Instructions to follow:
A faithful copy without images is required: write out all the records exactly.

Task input:
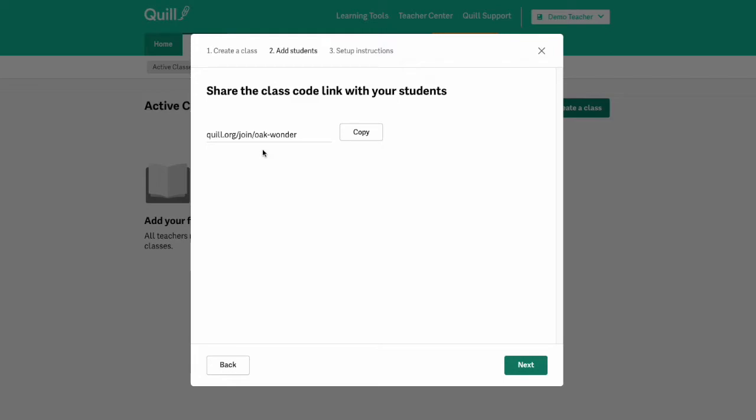And you can copy that link and send it to students on your learning management system or you can write the link on the top of your whiteboard.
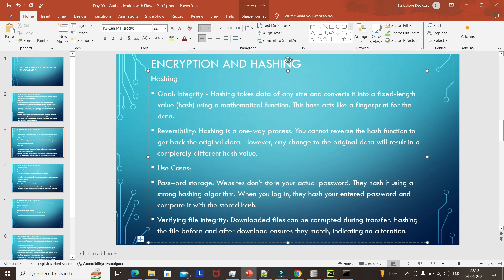For every change in the data, the hash value will also change. But in encryption, if there is a change in data, as long as the key remains the same, it can still be decrypted — we can actually check what the original data was before the change.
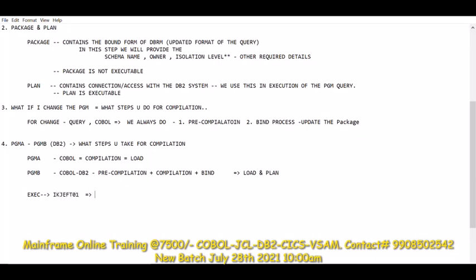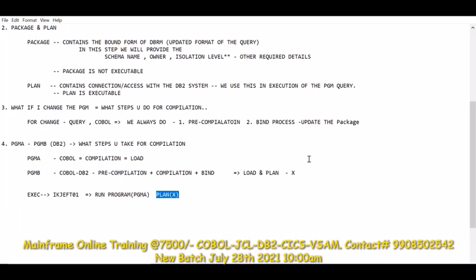For execution, it is always done by IKJEFT01. You will always run the main program only, but the plan name will be the one you created. The main program doesn't have a plan — that's fine. When the system executes the sub-program and comes across a query, the plan will be used. The sub-program has a query to run, so a plan is required there. So you will have your main program and the plan that was created for the DB2 sub-program.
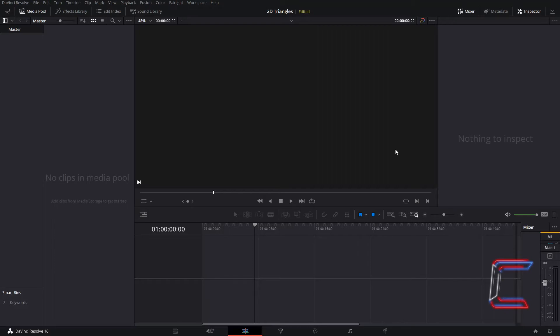Hello everybody, Conti here with another video. How to create your own 2D bordered right angle triangles in DaVinci Resolve 16.2.5.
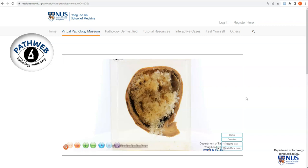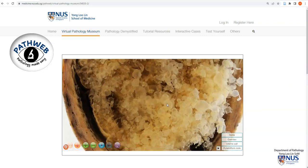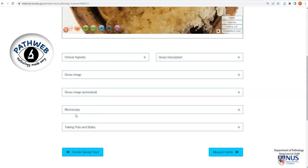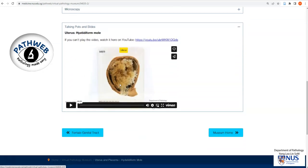Here is a very quick recap of the gross appearance. This is a virtual pathology specimen from the virtual pathology museum on PathWeb. Here is a uterus, and within the uterine cavity we can see a mass that is extremely friable, composed of translucent, grape-like, bubble-like vesicles. Each one of these corresponds to a swollen chorionic villus seen microscopically. The corresponding video on gross features of hydatidiform mole can be found under Talking Pots and Slides, which goes into more detail on the different types of hydatidiform moles.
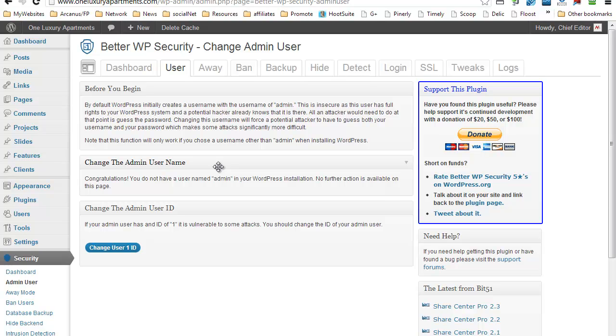Most of the attacks are done via using the admin username, so if you have that, you're basically giving 50% of chances for the attack to actually succeed. So you want to change your admin username.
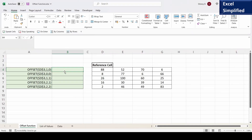In this video I will show you how to use the Excel OFFSET function to create a dynamic drop down list. We can also create a dynamic drop down list using an Excel table, which I will cover in another video. So I will start with OFFSET function basics.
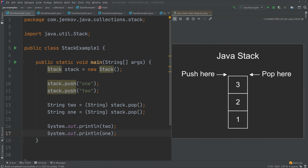The Java Stack class represents a classic stack data structure as taught in a standard algorithms and data structures course. A stack works just like a stack of plates — you put and take plates from the top. First we put plate number one, then two, then three. When we take plates, we first take plate number three, then two, then one until the stack is empty. This is also referred to as last-in, first-out order — LIFO.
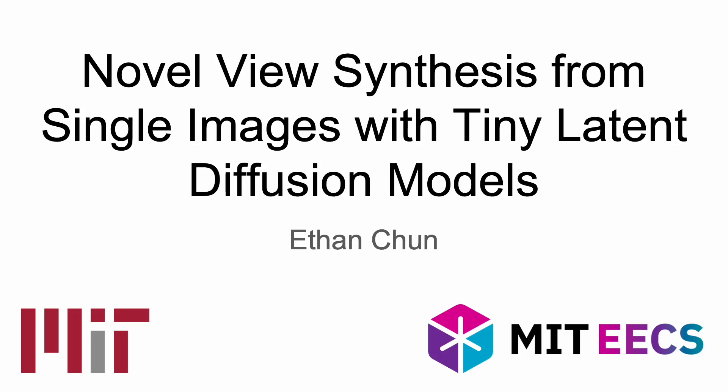Hello, my name is Ethan. I'll be presenting my work on Novel View Synthesis from single images with tiny latent diffusion models.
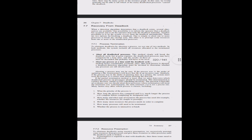Many factors may affect which process is chosen for termination, including: the priority of the process; how long the process has computed and how much longer it will need; how many and what type of resources the process has used; how many more resources it needs to complete; how many processes will need to be terminated; and whether the process is interactive or batch.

Output of the task:
And you can copy that link and send it to students on your learning management system or you can write the link on the top of your whiteboard.
For every change in the data, the hash value will also change. But in encryption, if there is a change in data, as long as the key remains the same, it can still be decrypted — we can actually check what the original data was before the change.
For execution, it is always done by IKJEFT01. You will always run the main program only, but the plan name will be the one you created. The main program doesn't have a plan — that's fine. When the system executes the sub-program and comes across a query, the plan will be used. The sub-program has a query to run, so a plan is required there. So you will have your main program and the plan that was created for the DB2 sub-program.
Hello everybody, Conti here with another video. How to create your own 2D bordered right angle triangles in DaVinci Resolve 16.2.5.
Here is a very quick recap of the gross appearance. This is a virtual pathology specimen from the virtual pathology museum on PathWeb. Here is a uterus, and within the uterine cavity we can see a mass that is extremely friable, composed of translucent, grape-like, bubble-like vesicles. Each one of these corresponds to a swollen chorionic villus seen microscopically. The corresponding video on gross features of hydatidiform mole can be found under Talking Pots and Slides, which goes into more detail on the different types of hydatidiform moles.
Most of the attacks are done via using the admin username, so if you have that, you're basically giving 50% of chances for the attack to actually succeed. So you want to change your admin username.
In this video I will show you how to use the Excel OFFSET function to create a dynamic drop down list. We can also create a dynamic drop down list using an Excel table, which I will cover in another video. So I will start with OFFSET function basics.
The Java Stack class represents a classic stack data structure as taught in a standard algorithms and data structures course. A stack works just like a stack of plates — you put and take plates from the top. First we put plate number one, then two, then three. When we take plates, we first take plate number three, then two, then one until the stack is empty. This is also referred to as last-in, first-out order — LIFO.
Hello, my name is Ethan. I'll be presenting my work on Novel View Synthesis from single images with tiny latent diffusion models.
Many factors may affect which process is chosen for termination, including: the priority of the process; how long the process has computed and how much longer it will need; how many and what type of resources the process has used; how many more resources it needs to complete; how many processes will need to be terminated; and whether the process is interactive or batch.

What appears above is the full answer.